Mu2e Home
Deprecated art Services
Search
Mu2e@Work

This page describes services that are distributed as part of art and which are now deprecated. Please switch to using their replacements as soon as possible. The replacements are described on the page describing services provided by art.
  1. Timing
  2. SimpleMemoryCheck


Timing

This service is deprecated. For it's replacement see the documentation for the TimeTracker service.

There are two sources of timing information available in art, the Timing service and timers that are part of the scheduler. The Timing service is off by default but can be turned on in the .fcl file. The timers in the scheduler are always on and the detail-level in the printout can be controlled in the .fcl files.

By default, the only timing information printed out is a short summary at the end of job, for example

TimeReport ---------- Time  Summary ---[sec]----
TimeReport CPU = 83.994231 Real = 83.998495
This printout comes from the scheduler and is obtained using the system call getrusage. The printed numbers represent the sum of times spent in the per-event methods of each module, including producers, filters, analyzers, and output modules. I believe, but am not sure that the per-event time in the source module is included. Another way to say the same thing is that the time spent in constructors, begin/end Job/Run/SubRun are not counted in these numbers.

It is not completely clear to me what the precision of the underlying clocks are. The underlying system call, getrusage, reports times to the microsecond but it is not clear which of the low order bits are significant. A survey of web sites has only confused the matter. My current best guess is that the precision is sub-ms and may be on the order of 10's of micro seconds.

Much more detailed end-of-job timing information is available from the scheduler by adding the following fragment after the close of the services block in your .fcl file:

services.scheduler.wantSummary: true

Much more detailed, but less precise, information is available by using the timing service. This service is off by default but, when enabled, it prints out crude timing information after each call to each module's per-event member function; it prints elapsed wall clock time, not CPU time. The underlying system call is gettimeofday, which reports times to 1 micro-sec but which the man page says, has a resolution of 10 ms.
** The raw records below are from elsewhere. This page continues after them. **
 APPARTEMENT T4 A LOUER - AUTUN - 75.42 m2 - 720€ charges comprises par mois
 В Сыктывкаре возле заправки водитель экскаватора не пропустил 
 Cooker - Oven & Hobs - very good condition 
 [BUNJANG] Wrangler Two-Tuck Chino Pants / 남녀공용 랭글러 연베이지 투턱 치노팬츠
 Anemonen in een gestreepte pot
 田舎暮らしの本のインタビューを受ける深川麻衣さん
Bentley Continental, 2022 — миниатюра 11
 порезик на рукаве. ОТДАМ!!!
Moreover the underlying timer is subject to jumps or drift induced by NNTP synchronization events. There is no way to enable the timing service from the command line. To enable the default behaviour, put the follownig fragment in the services section of your .fcl file:

services : {
   Timing : {}
}
To supress the information printed after each call to each module, and get only an end of job summary, set the summaryOnly parameter to true:
services : {
   Timing : { summaryOnly : true }
}
The sourcecode to make the printout from scheduler can be found at: If you want more details about what the times reported by the scheduler actually mean, you can start exploring from here.
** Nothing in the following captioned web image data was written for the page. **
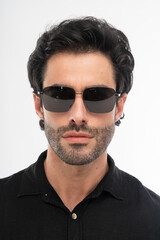 Fototapeta premium man with glasses, studio shot.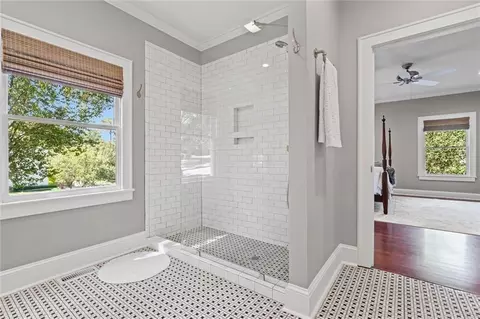 Bath - 1100 Bristol Ct, Mobile, AL 36608 photo 2 of 5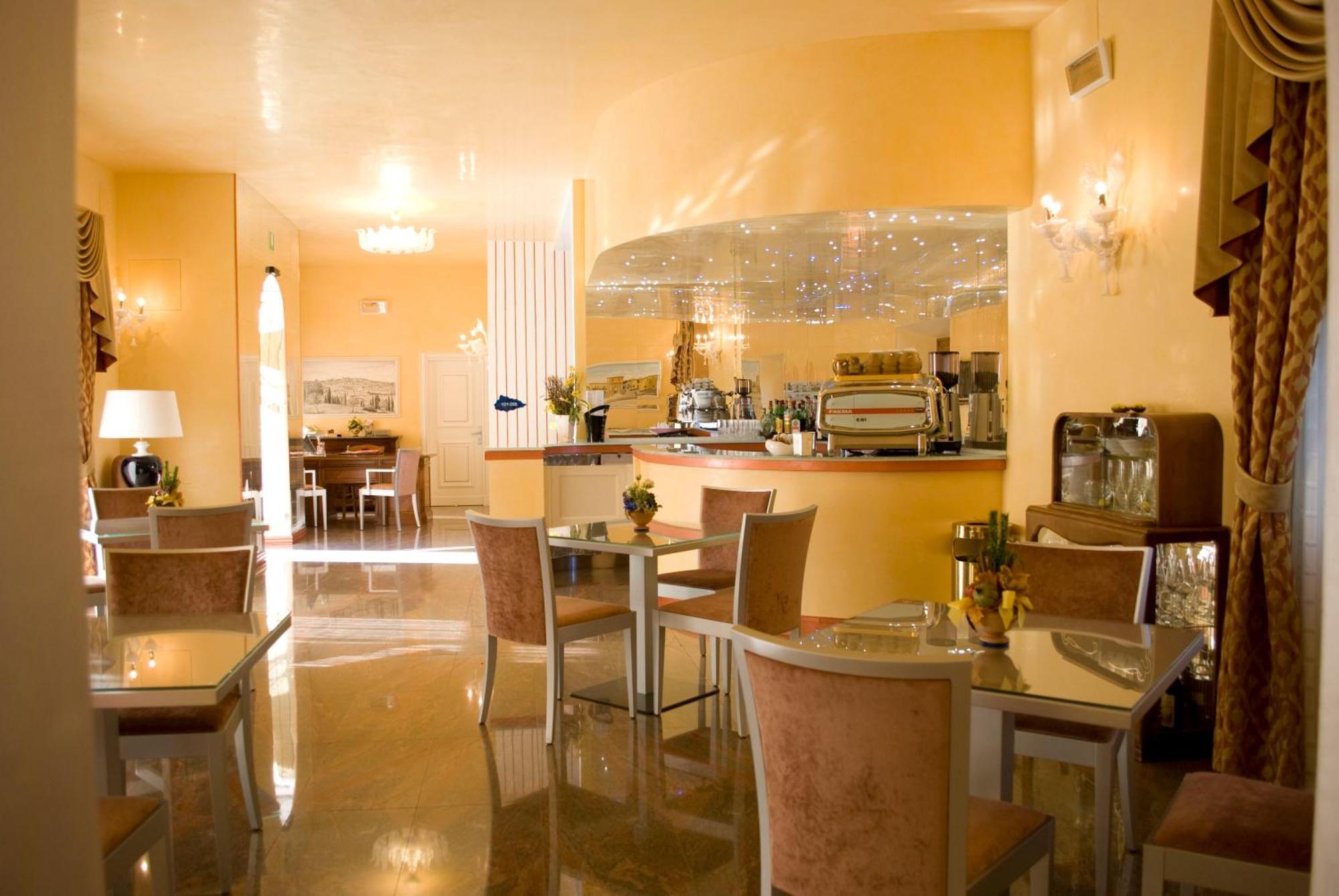 Sangallo Hotel Монте Сан Савино Екстериор снимка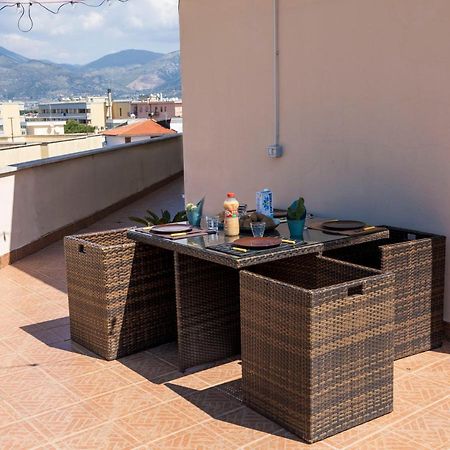 Incantevole Attico 1Minuto Dal Mare Wifi Netflix Terracina Exterior foto
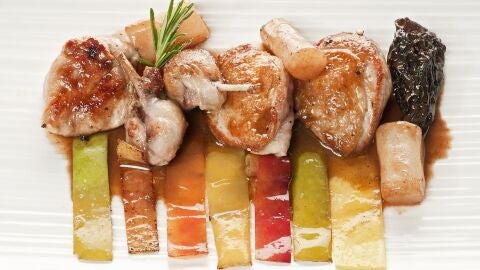 Codornices con c&aacute;scara de manzana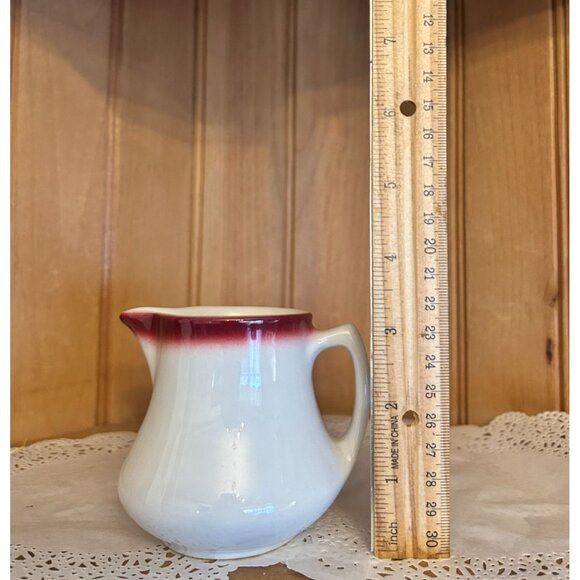 Vintage Shenango Pottery Miniature Creamer Pitcher Jug Red White - Picture 8 of 8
The source code for the timing service is available at:

At present the timing information is only available in the log file. So if you want a histogram of time per event within a particular module, you will have to parse the log file. There is a request in to provide an API to access this information from within a user written module or service.
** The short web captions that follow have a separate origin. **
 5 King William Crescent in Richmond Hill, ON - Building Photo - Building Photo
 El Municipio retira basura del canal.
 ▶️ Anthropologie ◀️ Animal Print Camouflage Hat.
Caveats About Event Timing

There are two important caveats about event timing. When running Mu2e GEANT4 simulations, there are outlier events that take up to a few hundred times longer than the median event. These events occur at the percent level. When you run a short grid job in order to estimate the time for a much longer job, be aware that your estimates could be off because too many or too few of these events are in the small sample sample. Be sure to run long enough test jobs to average this out; a test job that executes for 30 minutes should usually be safe.

I presume that a similar issue exists for running full reconstruciton on simulated events but I have not yet quantified it.

A corollary of the above is that the numbers from the timing report should be more robust than the estimate you would get by runninng two test jobs, one with few events and one with many events, in order to measure the startup overhead. This method is vulnerable to one of the events in the first job being a long-cpu-time outlier.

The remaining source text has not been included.